**TASK BRIEF:**
Please reproduce exactly, and only, the lines from the one with "I can let ClickSense" through the last line of the listing below, both ends included, leaving out the pictures.

**DATA BLOCK:**
*** Begin section ***

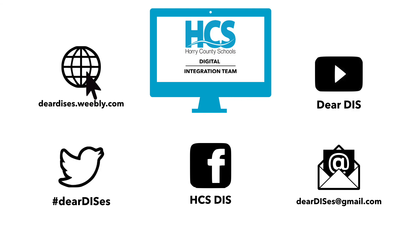So thank you for your interest in CoSpaces EDU and be sure to subscribe, like and follow us.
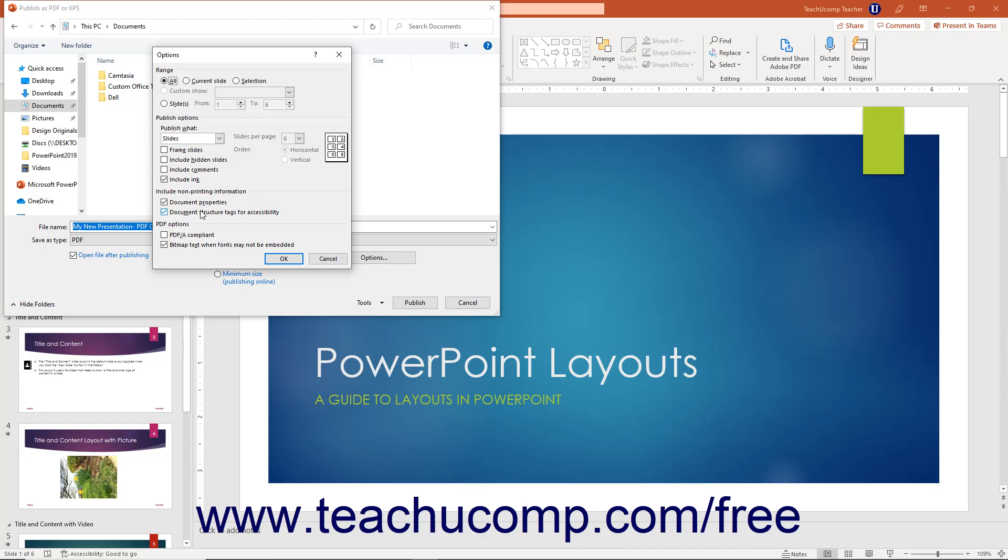After setting your desired PDF printing options, click the OK button in the Options dialog box to apply them.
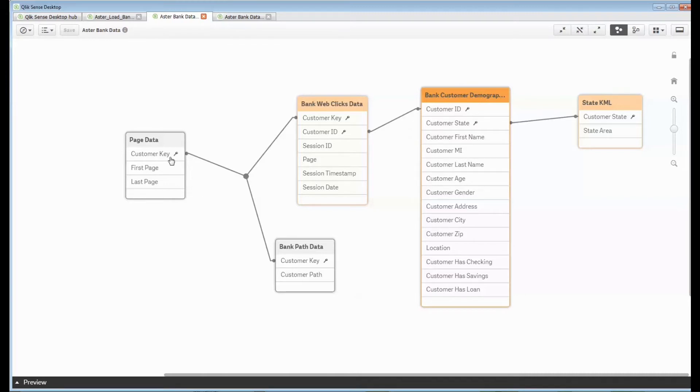I can let ClickSense roll up for me based on who that customer was, what the first page they went to, what the last page they went to.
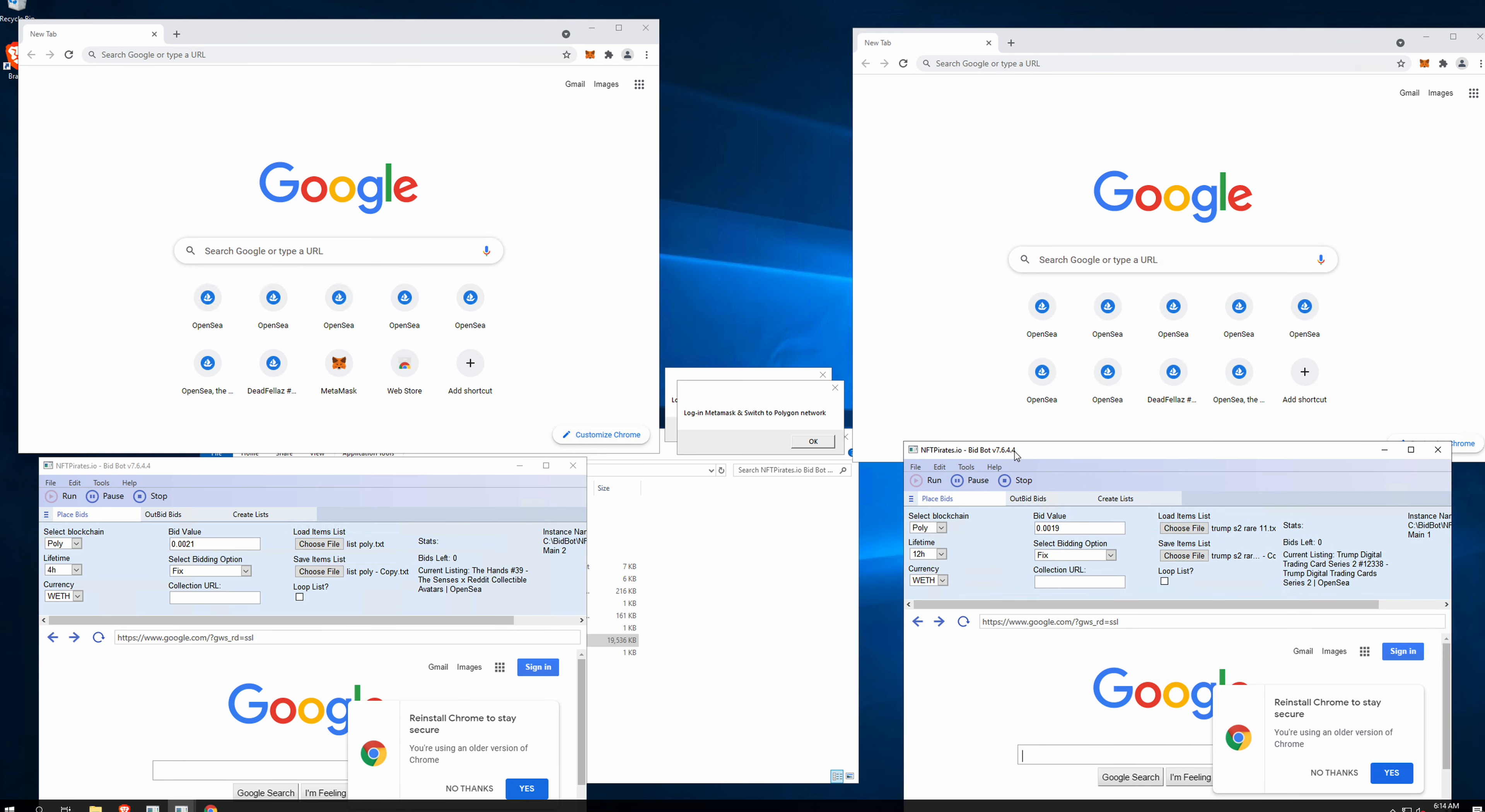So let's get started. On the left side we have the Reddit, on the right side we have the Trump collection. I use a small bid value because I don't have too much heat on the polygon, so this is just an example.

*** End section ***

**ANSWER BOX:**
I can let ClickSense roll up for me based on who that customer was, what the first page they went to, what the last page they went to.
So let's get started. On the left side we have the Reddit, on the right side we have the Trump collection. I use a small bid value because I don't have too much heat on the polygon, so this is just an example.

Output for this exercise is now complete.